PROBLEM TO SOLVE -> Every entry below should be reproduced exactly; no picture is to be included.

Records excerpted from a collection:
Segment Open

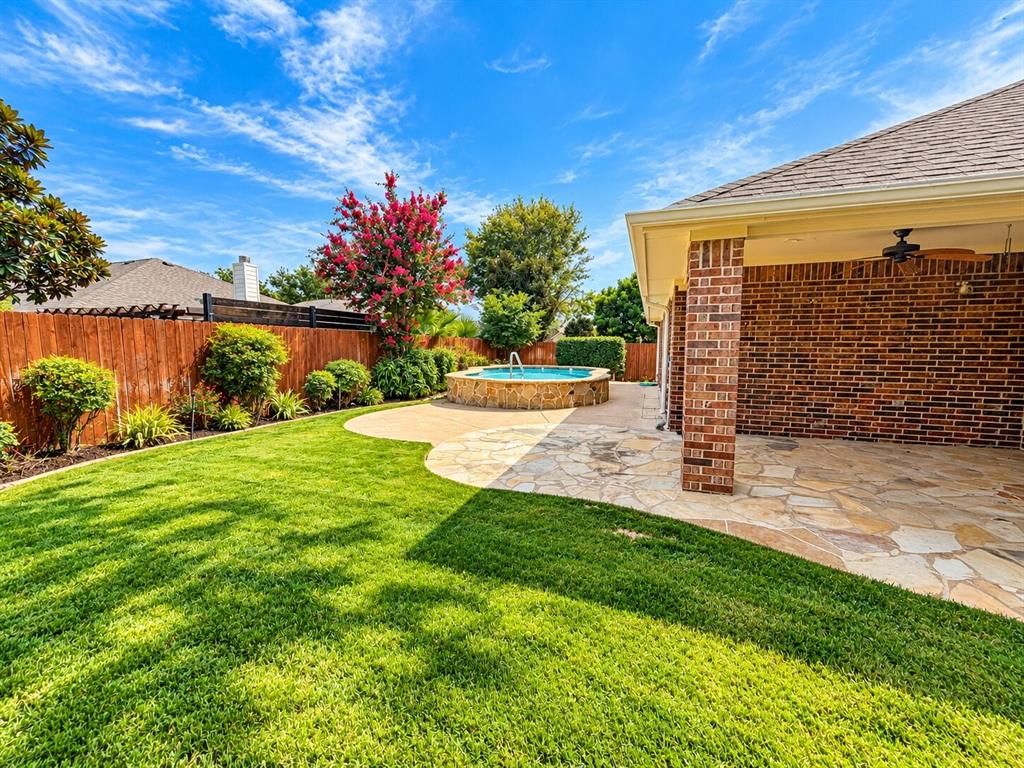 11504 Crystal Falls Drive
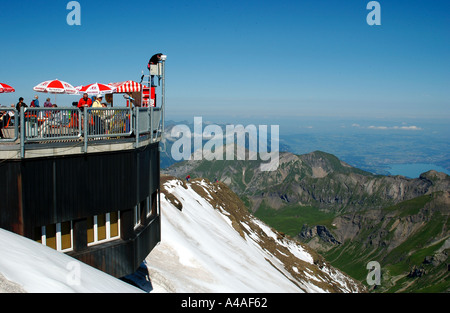 Blick vom Gipfel des Schilthorn in der Schweiz zeigt das Drehrestaurant Stockfoto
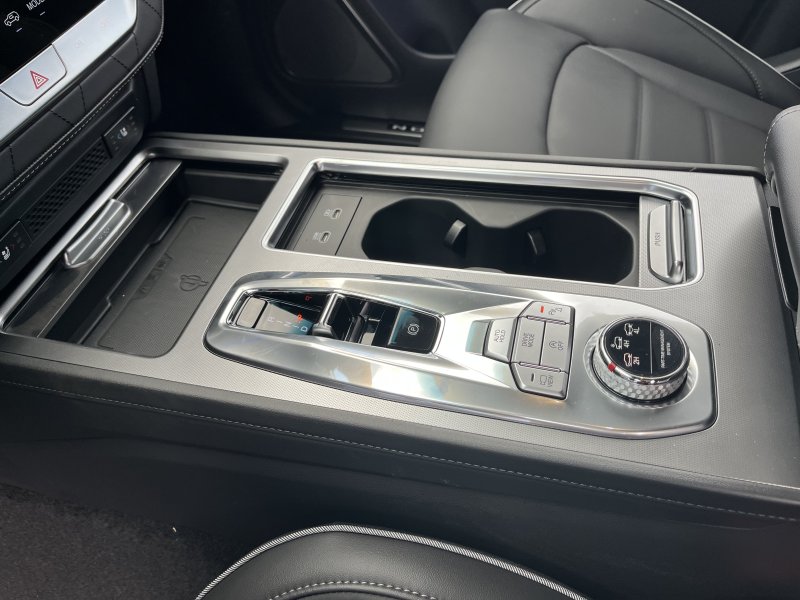 Rexton 2.2e-XDI Premium AT 4x4 Bílá WAK/černá BE skladem - předváděcí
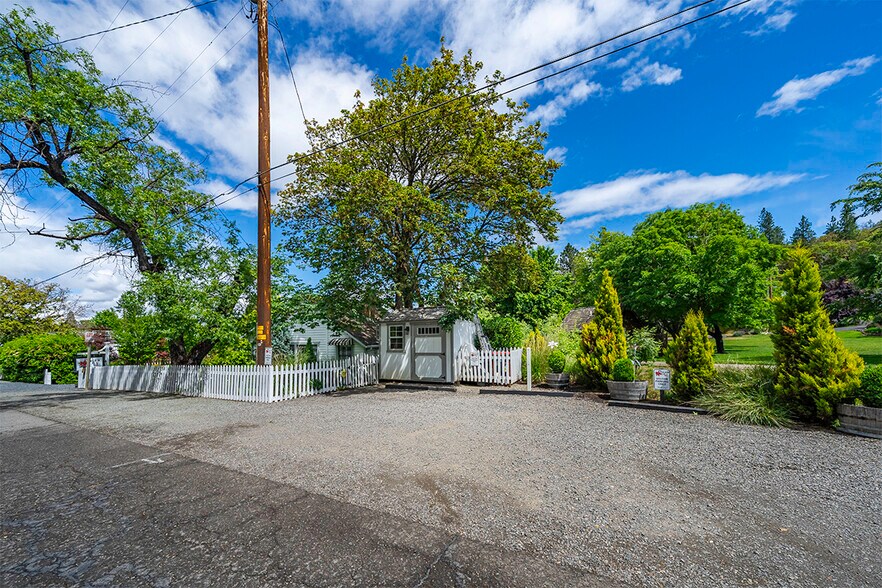 More Photos Of 215 S 4th St, Jacksonville Office For Sale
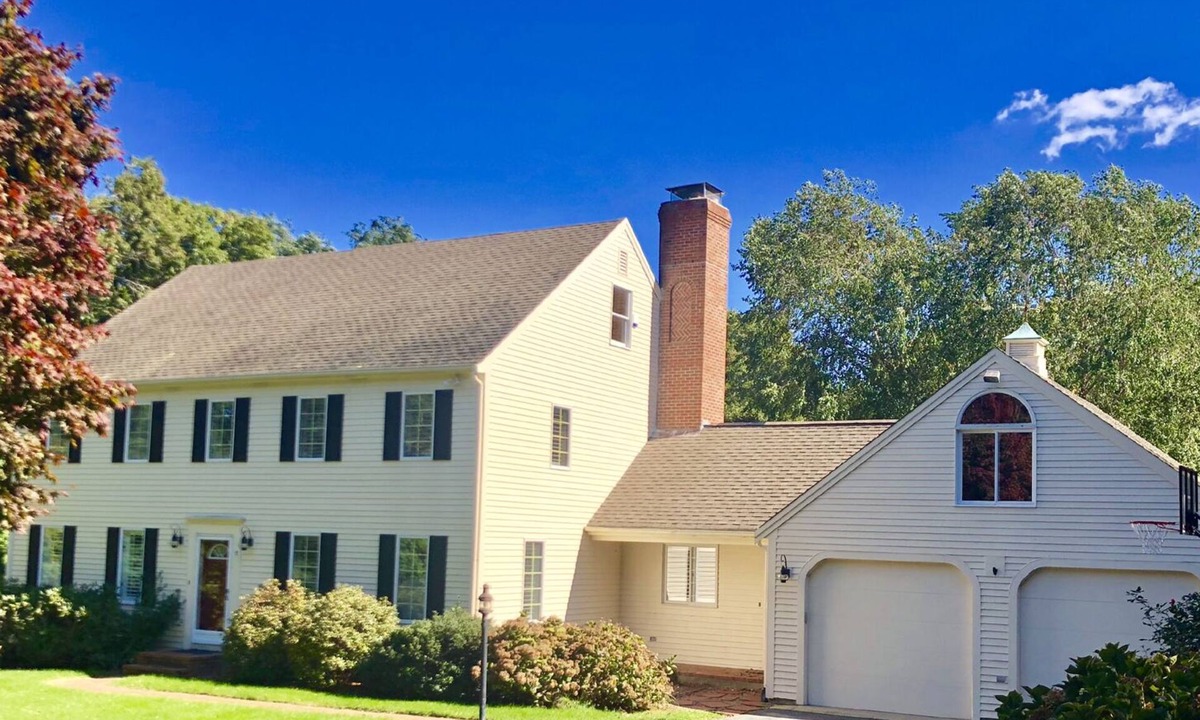 East Dennis House | Walk to the Beach, Heated Salt Water Pool, Central AC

Segment Closed

SOLUTION ->
 11504 Crystal Falls Drive
 Blick vom Gipfel des Schilthorn in der Schweiz zeigt das Drehrestaurant Stockfoto
 Rexton 2.2e-XDI Premium AT 4x4 Bílá WAK/černá BE skladem - předváděcí
 More Photos Of 215 S 4th St, Jacksonville Office For Sale
 East Dennis House | Walk to the Beach, Heated Salt Water Pool, Central AC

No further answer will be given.